= REQUIRED WORK =
Every line from the one with "Magnetic Wireless Charger" through the final line of the data below goes in the answer, copied exactly. Pictures do not.
----
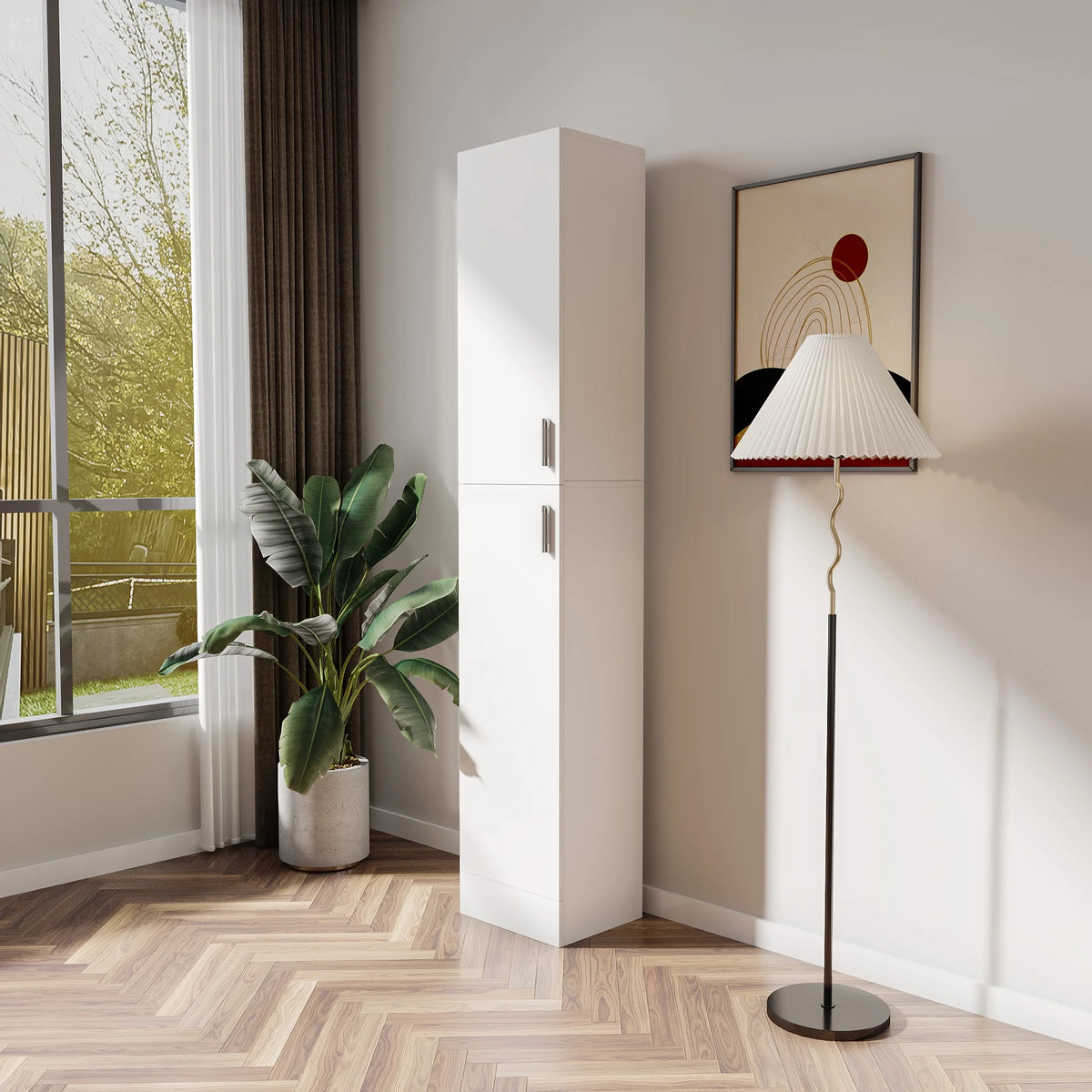 Slim Tall Storage Cabinet,Pantry Cabinet with Doors Shelves Small Space for Kitchen Living Room Bathroom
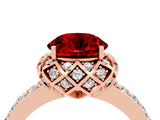 Rose gold Round Cut Diamond Solitaire Ring with Shared Prong Pavé Band_4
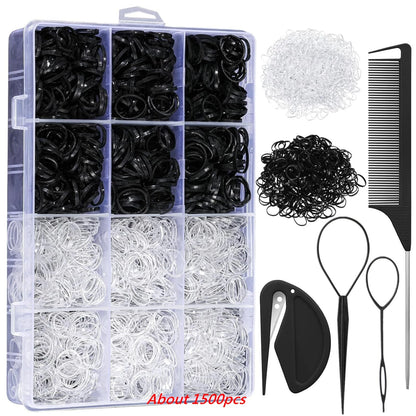 24-Color Hair Ties 1500Pcs Boxed Hair Ties Hair Extractor Hair Needle Pointed Tail Comb Hair Braiding Tools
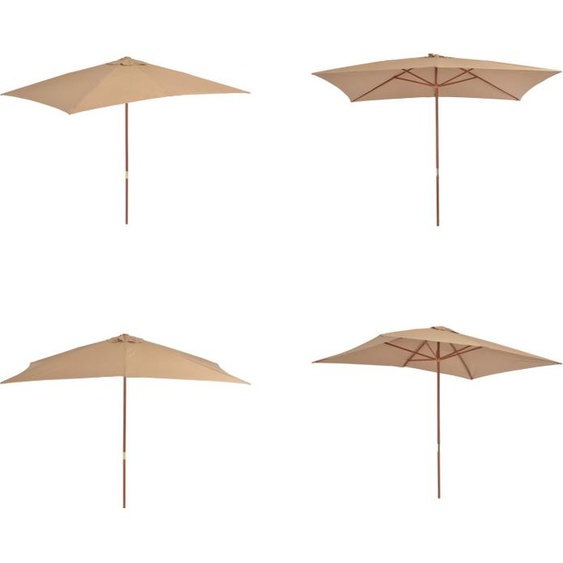 vidaXL Parasol avec mât en bois 200×300 cm Taupe - Parasol - Parasol - Parasols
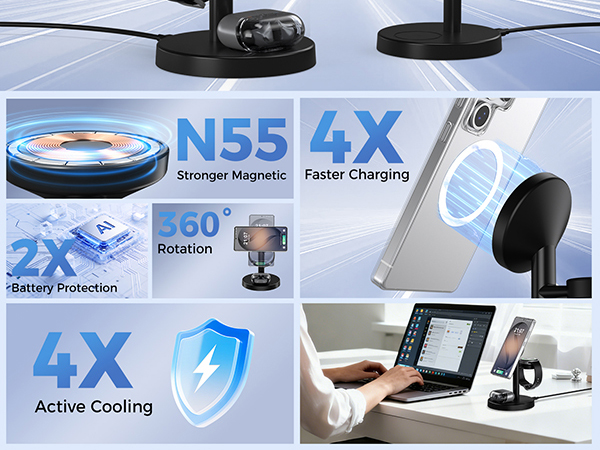 Magnetic Wireless Charger for Samsung, 3 in 1 Super Fast Charging Station Compatible with MagSafe
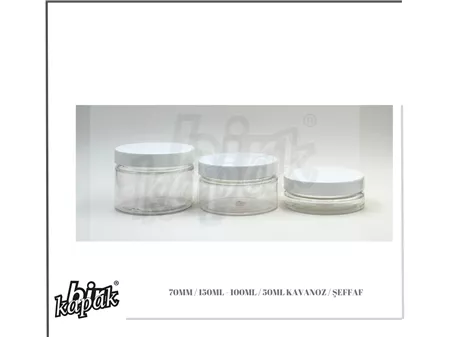 برطمان شفاف 70 مم، سعة 150 مل / 100 مل / 50 مل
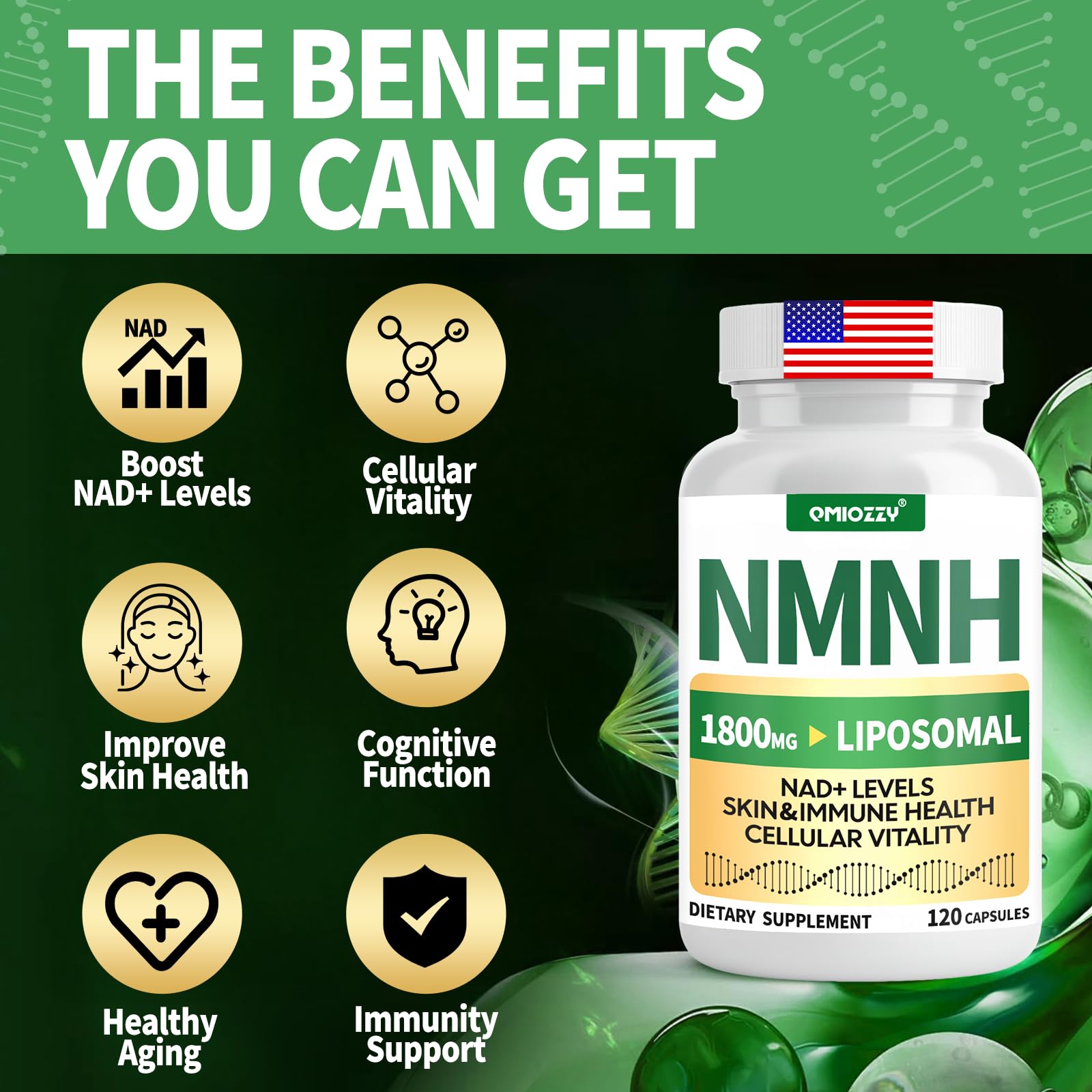Qmiozzy capsules vegan non-GMO faciles à avaler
----
= EXERCISE RESULT =
 Magnetic Wireless Charger for Samsung, 3 in 1 Super Fast Charging Station Compatible with MagSafe
 برطمان شفاف 70 مم، سعة 150 مل / 100 مل / 50 مل
Qmiozzy capsules vegan non-GMO faciles à avaler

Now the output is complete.